The Electoral College affirms both the Founders’ wariness about granting Americans direct, popular control over their new government and their Federalist impulse to make states the key unit of American governance and electoral aggregation. How, then, can the Electoral College be improved without violating the spirit of the Founders’ intentions?

One solution would be for the other 48 states to adopt the Maine-Nebraska system for apportioning their electors. Each state’s elector count is based on its national representation in the bicameral Congress: Two electors representing each state’s two U.S. senators, plus one for each House member.

Maine and Nebraska assign their two “Senate” electors to the presidential slate that carries the state—after all, senators are elected statewide—and one elector to whichever presidential ticket carries each House district. For the District of Columbia and the seven least-populous states that have only one House member, all three electoral votes would be assigned based on the statewide winner.
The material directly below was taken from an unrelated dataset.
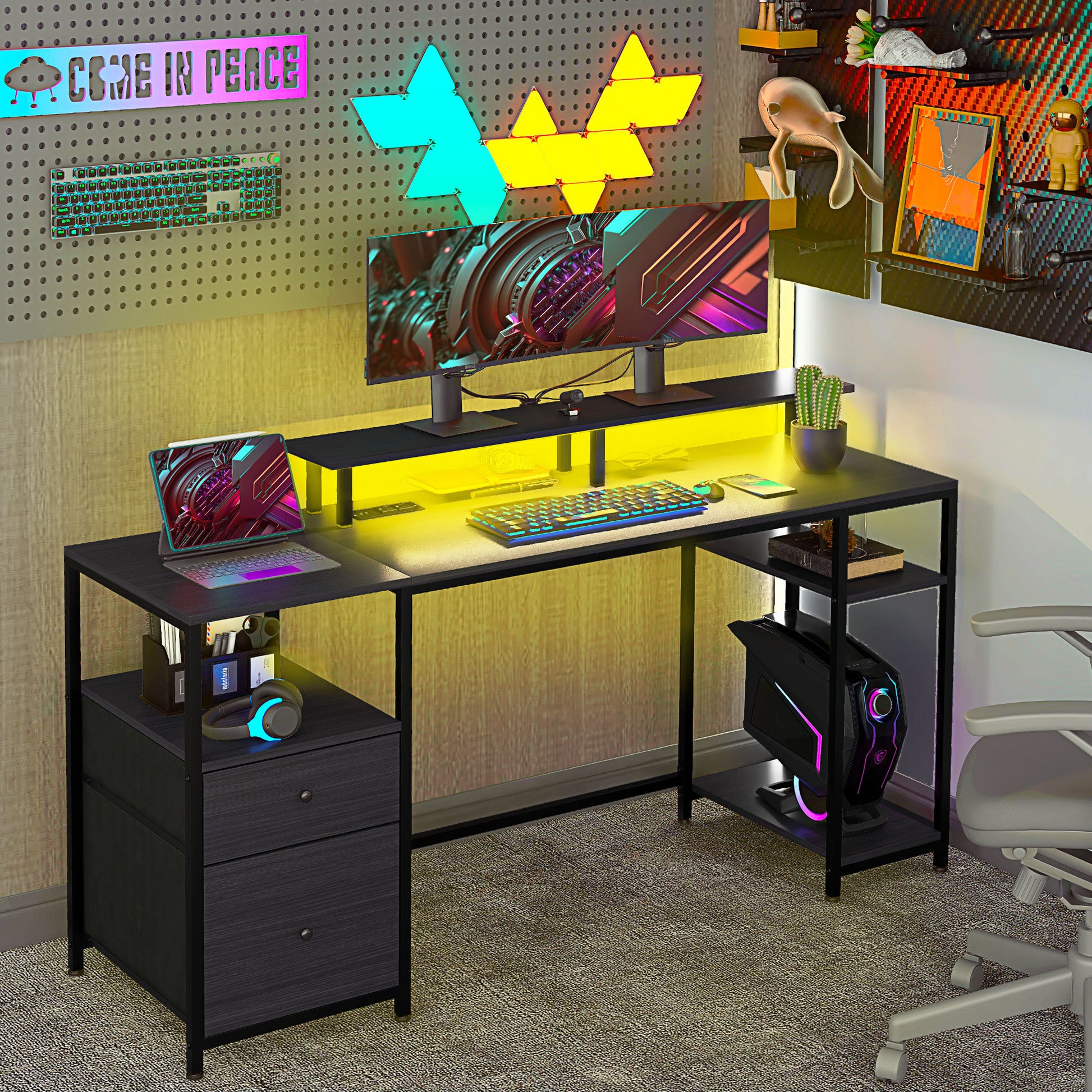 Homcom 61" Computer Desk With Led Lights, Power Outlets, And Usb Ports, Gaming Desk With Storage Shelves, Monitor Stand, Fabric Drawers & Remote For Home Office Study, Distressed Black Black Particle Board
This “congressional district” method for assigning electors is alluring because it would force nominees and parties to campaign in competitive House districts in otherwise uncompetitive states. Meanwhile, the campaigns would have to compete for key blocs of voters in the uncompetitive House districts of the competitive states, where every vote counts toward the goal of winning statewide.

Of course, had the Maine-Nebraska method already been in place in all the states, both Bush and Gore would have run different geographic campaigns, undoubtedly altering the results within the congressional districts, statewide or even nationally. Whatever the case, the point remains: Both Bush and Gore would have had to run broader, more national campaigns.

The second change I advocate is for the 24 states with unbound electors to pass laws to require their electors to vote according to the House district and statewide popular vote returns. That way, politicians would be prevented from engaging in political intrigue to promote “faithless elector” scenarios.

What’s most appealing about these two reforms is that they reaffirm the Founders’ fealty to federalism, both procedurally and functionally. Procedurally, the changes could be made by the states themselves, without amending the U.S. Constitution. Functionally, the use of statewide and sub-state units to aggregate votes—the same units used to construct the bicameral Congress—honors the Founders’ desire to balance the will of local and statewide populations.

In the main, the Electoral College has served the nation well. With a little tweaking from the states it could function more effectively in the future.